Financial Technology uses technology to channel financial transactions and make financial services more efficient. Its adoption has become a growing disruptive trend in the banking sector, challenging traditional methods used by legacy banks, and forcing them to play catch up with smaller albeit more savvy startups. Fintech services include Peer-to-Peer lending, digital insurance, digital banking, online stock trading, crowdfunding and crowd-investing.
“Fintech is clearly a vibrant space within the African tech scene, perhaps the most vibrant of all,” said Tom Jackson, co-founder of Disrupt Africa. “Increasingly, investors are seeing the huge potential the space has to offer.”
This rise in investment in Africa has also been attributed to the adoption of Fintech services by Africa’s unserved market as opposed to other segments in the financial market. In Kenya, for instance, mobile money accounts have been the major form of payment in the country and it has also helped to increase the amount remitted back to the country. Mobile money accounts in Cameroon, the Democratic Republic of Congo, Gabon, Madagascar, Tanzania, Uganda, Zambia and Zimbabwe have outnumbered Bank accounts.

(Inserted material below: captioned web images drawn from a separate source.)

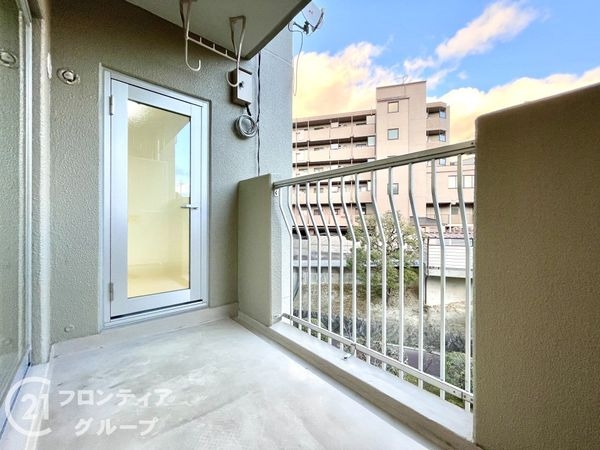 サンライフ学園前　Ｂ棟　中古マンション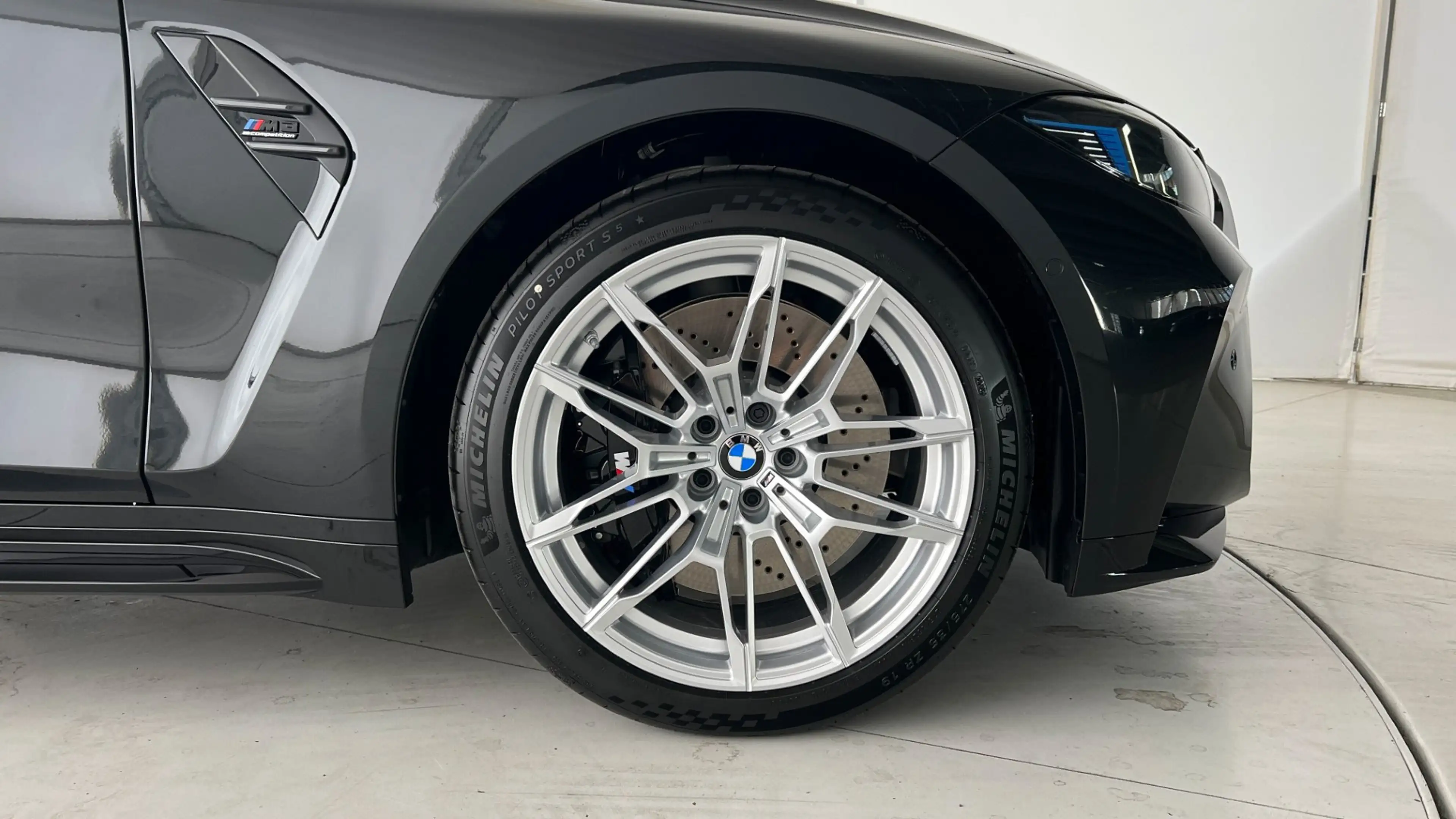 BMW M3 Competition M xDrive — photo 7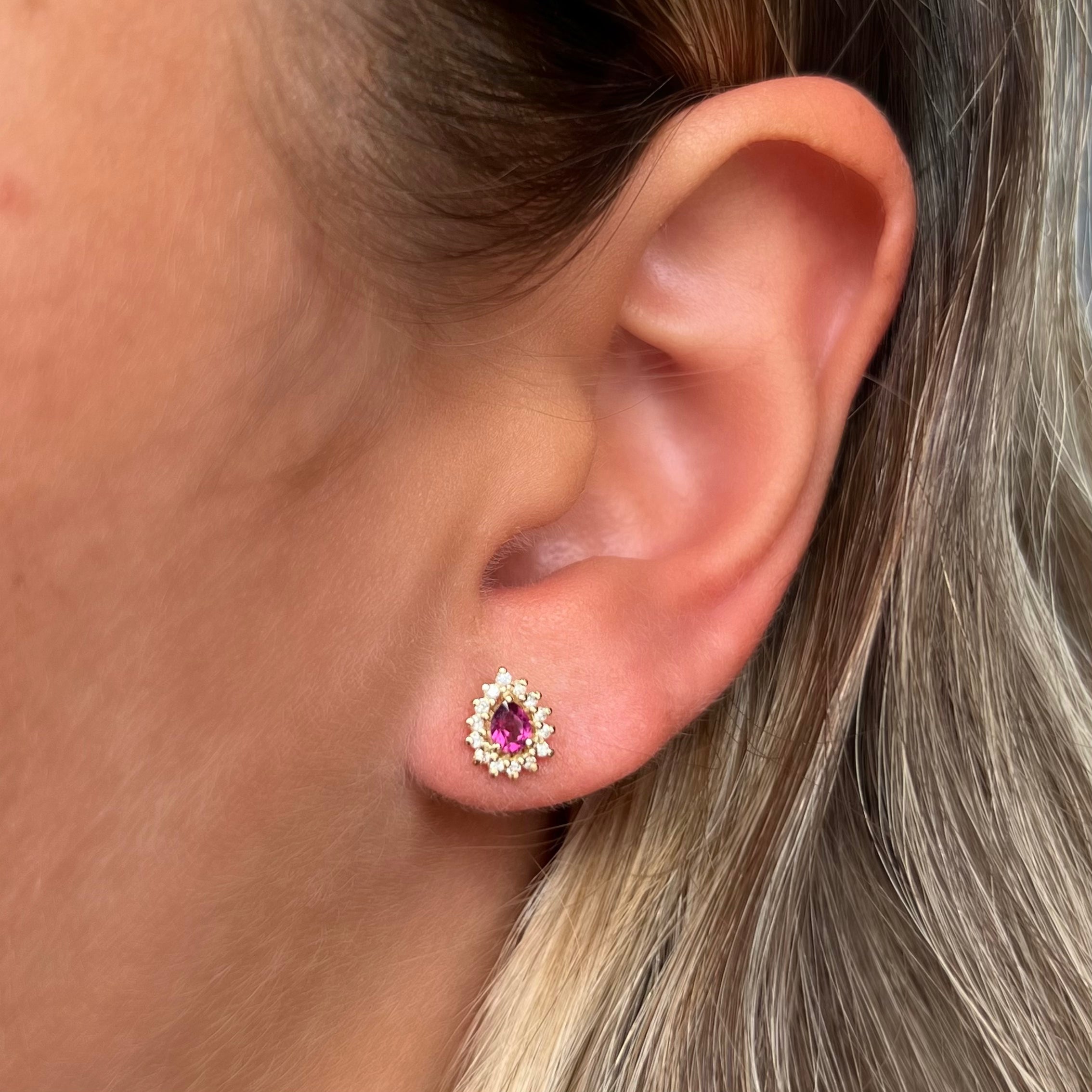 Arete Hindi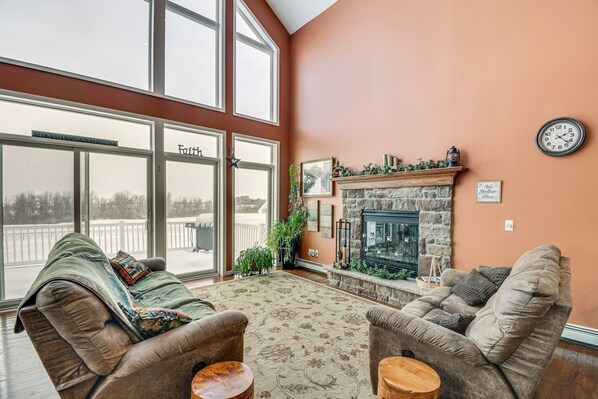 House (4 Bedrooms) | Front of property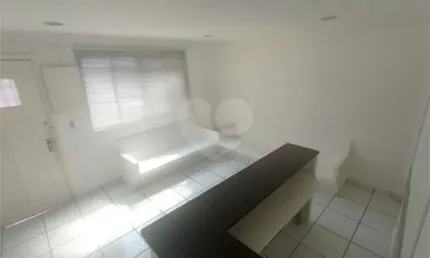 Casa com 2 quartos à venda na Rua Doutor Zuquim, Santana, São Paulo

According to a report by investment advisory firm Ernst and Young In retail financial services, FinTechs often have greater opportunity to disintermediate, disrupt and take market share, even above investment banks. And management consulting firm Accenture predicts that in five years’ time, the current wave of disruptive innovation brought by fintech will have delivered safer, more transparent and efficient banking to customers. This implies that in emerging fintech markets, where there’s still room for innovation, investors should still be eager to fund startups that provide unique solutions to the banking needs of individuals and enterprises.
From data analysed by Accenture, between 2010 and 2017, total global investment in fintech ventures reached US$97.7 billion. And the volume of global fintech deals grew at a compound rate of 35 percent, with total funding growing at an annual rate of 47 percent.

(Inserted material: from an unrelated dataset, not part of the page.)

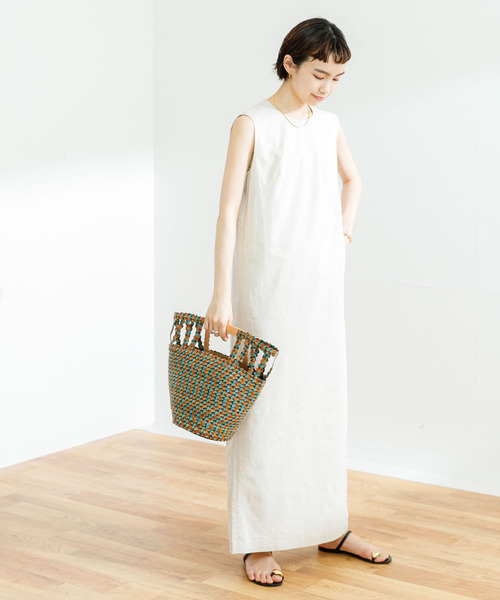 URBAN RESEARCH（アーバンリサーチ）の「『WEB限定』くるみ釦ストレートロングワンピース（ワンピース・レディース・ナチュラル/ブルー/ネイビー・36/38）」の14枚目の写真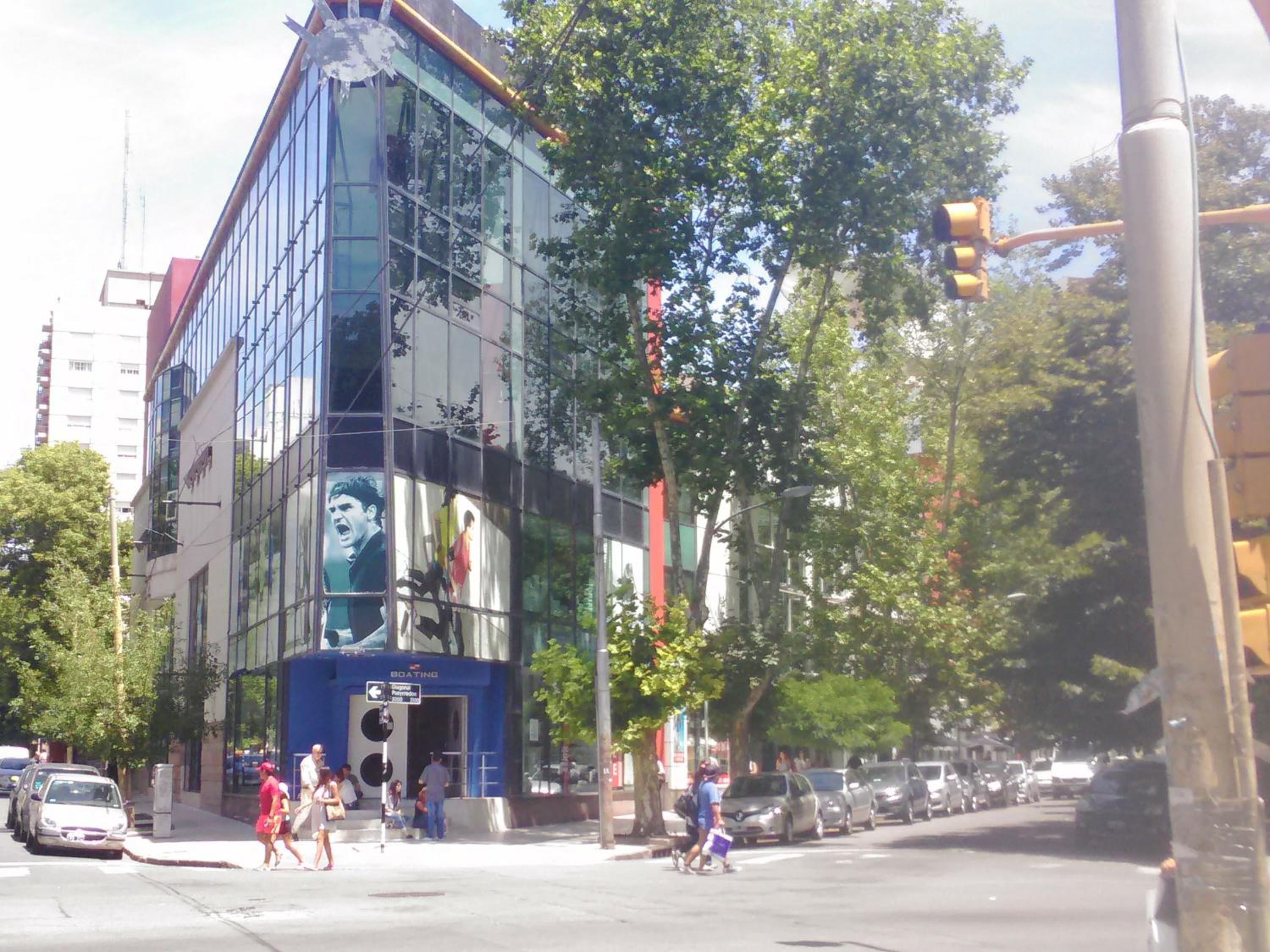 Departamento 2 amb ,microcentro ,con cochera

Given the trend in markets like China, however, these investments will potentially plateau and drop in the future. China was the top destination for venture capital money in 2016, but investors pulled back and fintech funding in the country declined by 72 percent in 2017, to $2.8 billion from $10 billion in 2016.
Beyond profitability, investing in Fintech increases available financial opportunities, such as working with millennials and reshaping of their business through digital technologies.